一种应用程序跨系统运行的方法,所述方法包括:加载目标应用程序;为所述目标应用程序在当前操作系统上申请内存空间;根据申请到的内存空间地址对所述目标应用程序中的全局变量地址和绝对跳转指令地址进行修改,以适配到当前操作系统的内存空间;获取所述目标应用程序的SWI指令;
将所述SWI指令重定向为调用当前操作系统的指令。
在其中一个实施例中,在所述加载目标应用程序的步骤之后还包括:采用二进制翻译的方式对所述目标应用程序中的指令进行翻译。
在其中一个实施例中,所述根据申请到的所述内存空间地址对所述目标应用程序中的全局变量地址和跳转指令地址进行修改,以适配到当前操作系统的内存空间的步骤之前还包括:获取所述目标应用程序的二进制数据;通过对所述二进制数据进行分析找出所述目标应用程序中的全局变量和绝对跳转指令。

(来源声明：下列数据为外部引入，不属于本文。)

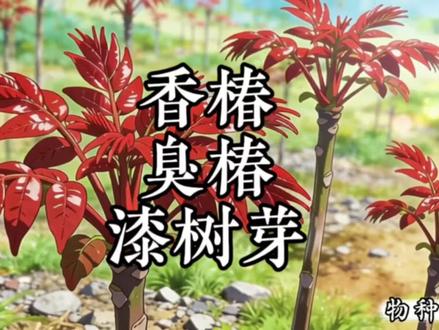 香椿、臭椿、漆树芽,一秒分清不踩坑!#科普#涨知识#原创动画#香椿 #治愈系
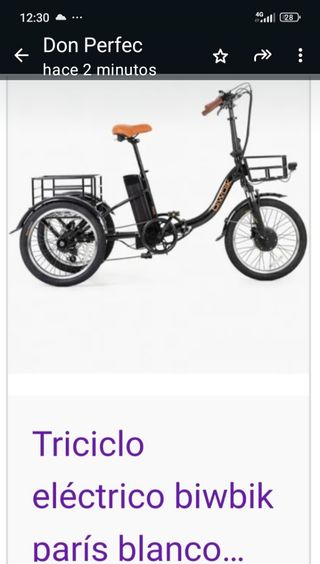 Bicicletta elettrica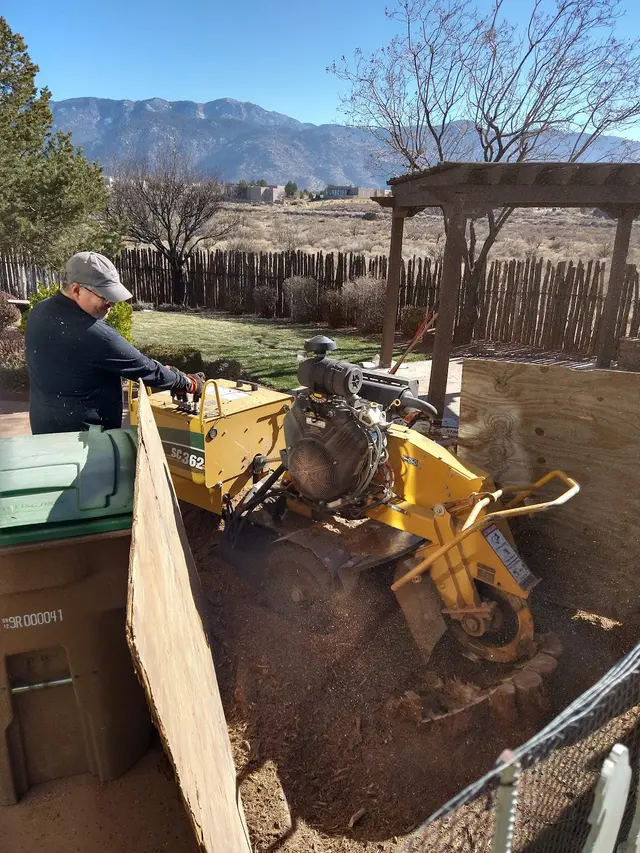 Robert's Tree Service LLC — photo from the business 10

在其中一个实施例中,所述通过对所述二进制数据进行分析找出所述目标应用程序中的全局变量和绝对跳转指令的步骤包括:通过对所述目标应用程序的二进制数据进行分析,定位出所述目标应用程序中全局变量和绝对跳转指令对应的绝对地址;根据定位出的所述绝对地址提取所述目标应用程序中的全局变量和绝对跳转指令。
在其中一个实施例中,在所述将所述SWI指令重定向为调用当前操作系统的指令的步骤之后还包括:接收所述目标应用程序发起的调用API函数的请求;响应所述请求根据重定向的SWI指令调用当前操作系统中对应的API函数。
一种应用程序跨系统运行的装置,所述装置包括:加载模块,用于加载目标应用程序;申请模块,用于为所述目标应用程序在当前操作系统上申请内存空间;修改模块,用于根据申请到的内存空间地址对所述目标应用程序中的全局变量地址和绝对跳转指令地址进行修改,以适配到当前操作系统的内存空间;指令获取模块,用于获取所述目标应用程序的SWI指令;重定向模块,用于将所述SWI指令重定向为调用当前操作系统的指令。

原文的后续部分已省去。